Dans une tribune publiée le 9 juillet dernier, Rachad Antonius affirme que les accords d’Oslo furent une ruse visant à déposséder subtilement les Palestiniens. Il en veut pour preuve l’accroissement démographique dans les colonies juives depuis 1993. La colère (justifiée) de Rachad Antonius envers le plan d’annexion de la vallée du Jourdain de Nétanyahou et Trump semble toutefois le mener à formuler des accusations péremptoires et inexactes. En réalité, la croissance fulgurante du nombre de colons juifs en Cisjordanie est attribuable à une série de facteurs qui méritent d’être énumérés — et non à un complot.
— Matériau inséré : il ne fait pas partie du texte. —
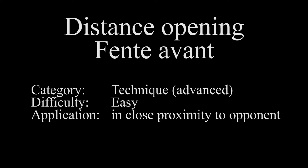Hello everyone! Today I would like to talk about a variant of the front avant: the distance opening front avant.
Le système électoral israélien.
Le mode de scrutin proportionnel qui prévaut en Israël (que plusieurs encensent injustement) donne un pouvoir démesuré aux petits partis religieux qui menacent de faire tomber tout gouvernement qui freinerait la croissance des colonies juives. C’est largement la raison pour laquelle, lorsqu’elle fut au pouvoir, la gauche israélienne n’a pu y mettre fin.
L’effondrement de la gauche israélienne.
Les attentats des groupes extrémistes palestiniens (financés secrètement par Arafat pendant la seconde intifada) ont provoqué la chute de tous les gouvernements de gauche ou du centre qui ont dirigé Israël depuis le milieu des années 1990 (celui de Peres en 1996, celui de Barak en 2001 et celui d’Olmert-Livni en 2009). Or, c’est la droite israélienne qui appuie la colonisation en Cisjordanie
La natalité.
Depuis le début des années 2000, la croissance démographique dans les colonies juives est essentiellement le fruit de la natalité, et non le résultat d’une migration d’Israéliens vers la Cisjordanie. Au contraire, le nombre d’Israéliens s’installant en Cisjordanie ne cesse de baisser. Cependant, comme les milieux juifs religieux connaissent un taux de fécondité important, le nombre de colons augmente à vue d’œil.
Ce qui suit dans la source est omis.